- _Problem statement_: Without including any images, set down the records below exactly.

(Records from a dataset)
──────────

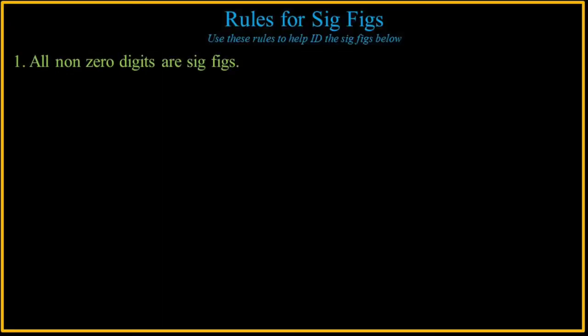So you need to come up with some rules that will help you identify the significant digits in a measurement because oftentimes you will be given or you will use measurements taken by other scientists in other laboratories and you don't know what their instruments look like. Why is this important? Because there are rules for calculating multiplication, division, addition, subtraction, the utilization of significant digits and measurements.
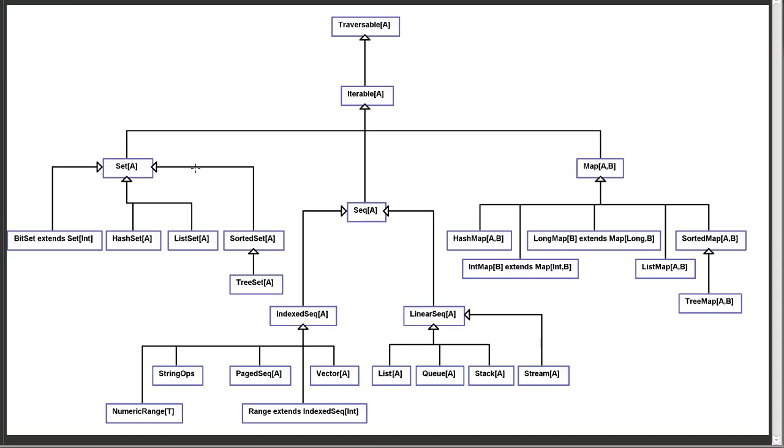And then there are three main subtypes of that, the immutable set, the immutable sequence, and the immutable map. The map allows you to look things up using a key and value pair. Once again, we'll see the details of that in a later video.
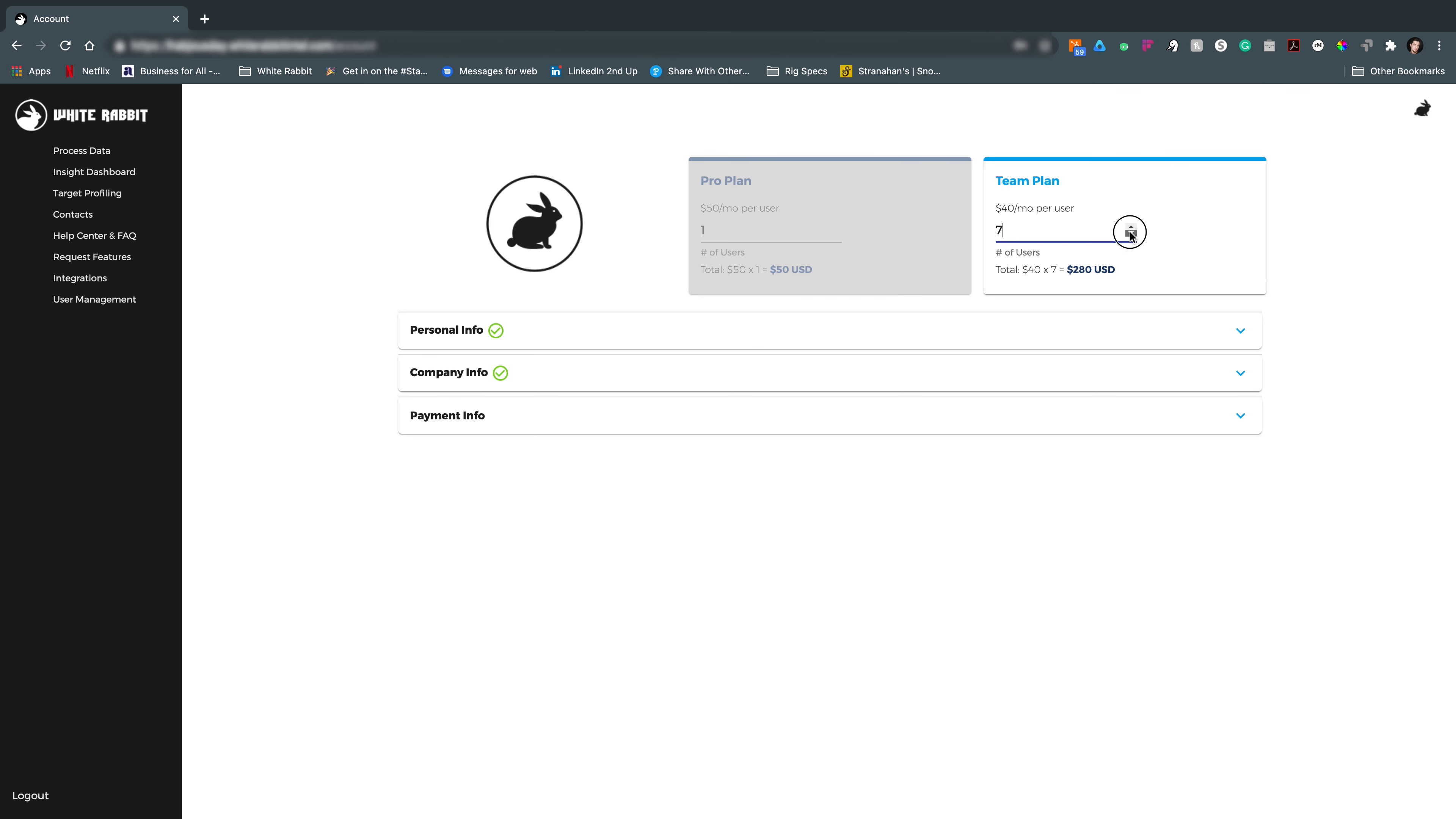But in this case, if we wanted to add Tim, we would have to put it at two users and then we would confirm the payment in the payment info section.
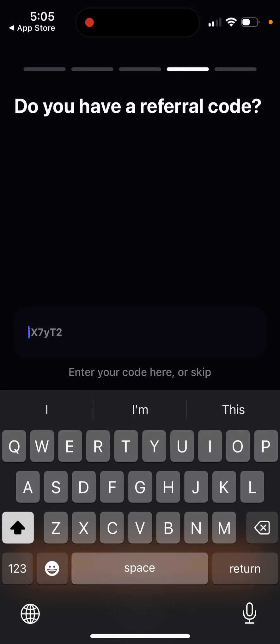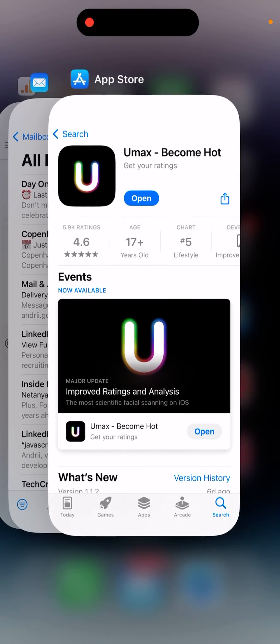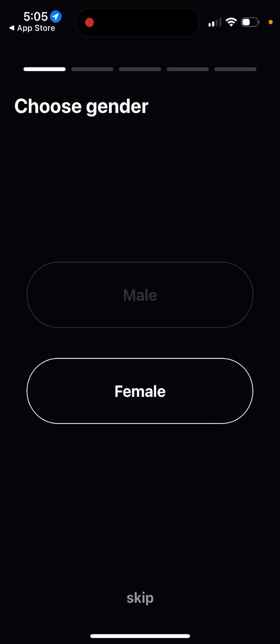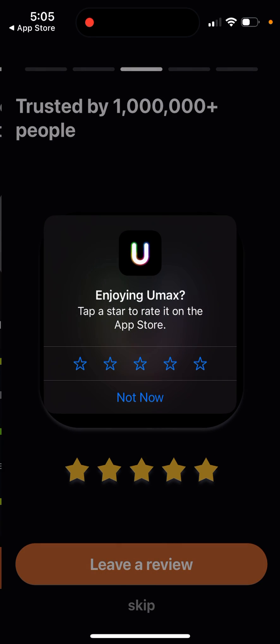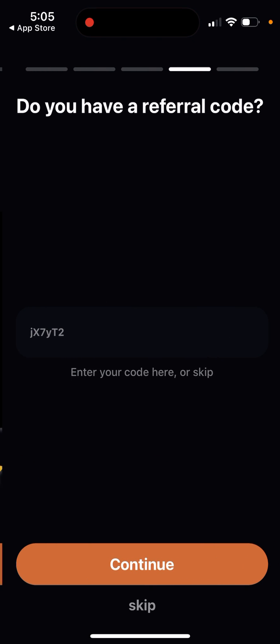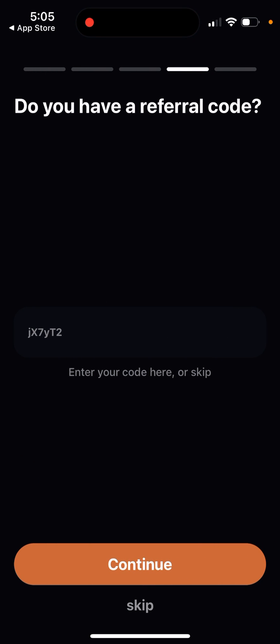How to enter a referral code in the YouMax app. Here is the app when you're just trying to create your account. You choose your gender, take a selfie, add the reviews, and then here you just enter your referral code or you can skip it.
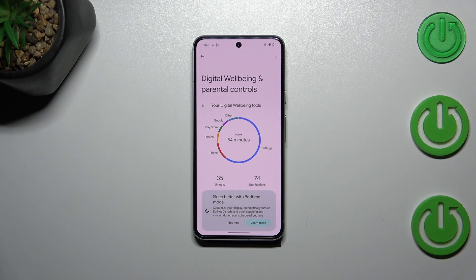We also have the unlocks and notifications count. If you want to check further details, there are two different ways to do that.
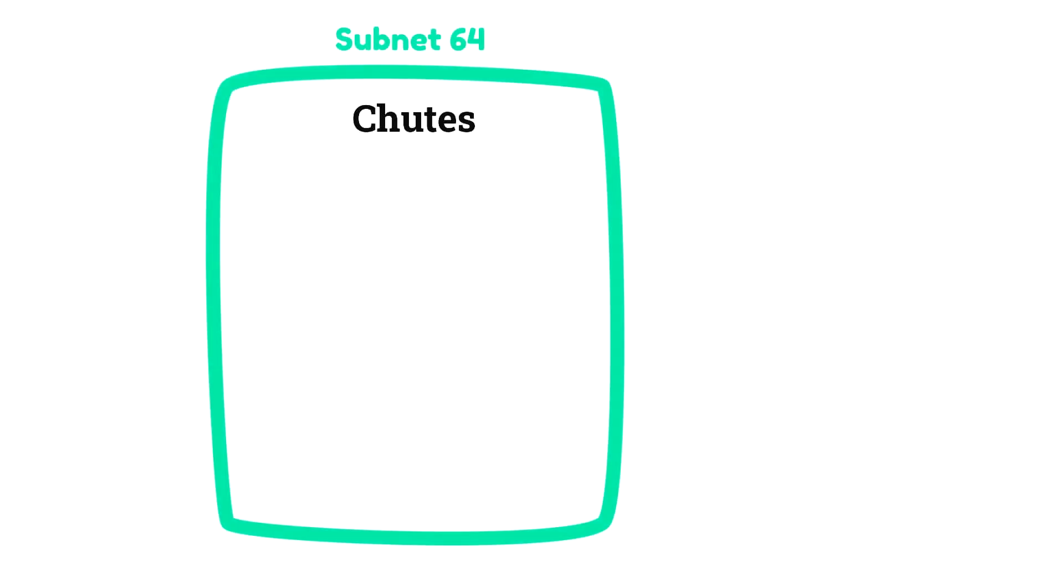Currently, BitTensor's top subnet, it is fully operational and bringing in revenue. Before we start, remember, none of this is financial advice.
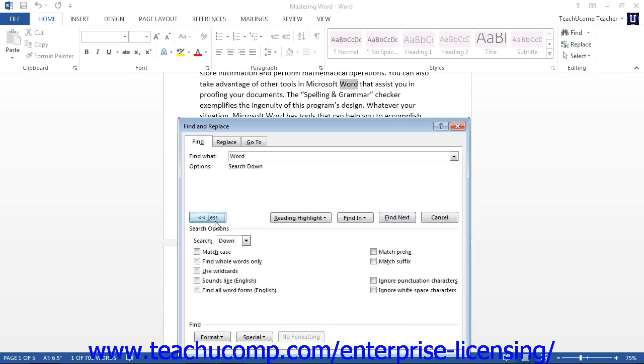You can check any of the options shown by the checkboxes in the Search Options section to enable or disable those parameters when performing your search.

──────────

- _Exercise output_:
So you need to come up with some rules that will help you identify the significant digits in a measurement because oftentimes you will be given or you will use measurements taken by other scientists in other laboratories and you don't know what their instruments look like. Why is this important? Because there are rules for calculating multiplication, division, addition, subtraction, the utilization of significant digits and measurements.
And then there are three main subtypes of that, the immutable set, the immutable sequence, and the immutable map. The map allows you to look things up using a key and value pair. Once again, we'll see the details of that in a later video.
But in this case, if we wanted to add Tim, we would have to put it at two users and then we would confirm the payment in the payment info section.
How to enter a referral code in the YouMax app. Here is the app when you're just trying to create your account. You choose your gender, take a selfie, add the reviews, and then here you just enter your referral code or you can skip it.
We also have the unlocks and notifications count. If you want to check further details, there are two different ways to do that.
Currently, BitTensor's top subnet, it is fully operational and bringing in revenue. Before we start, remember, none of this is financial advice.
You can check any of the options shown by the checkboxes in the Search Options section to enable or disable those parameters when performing your search.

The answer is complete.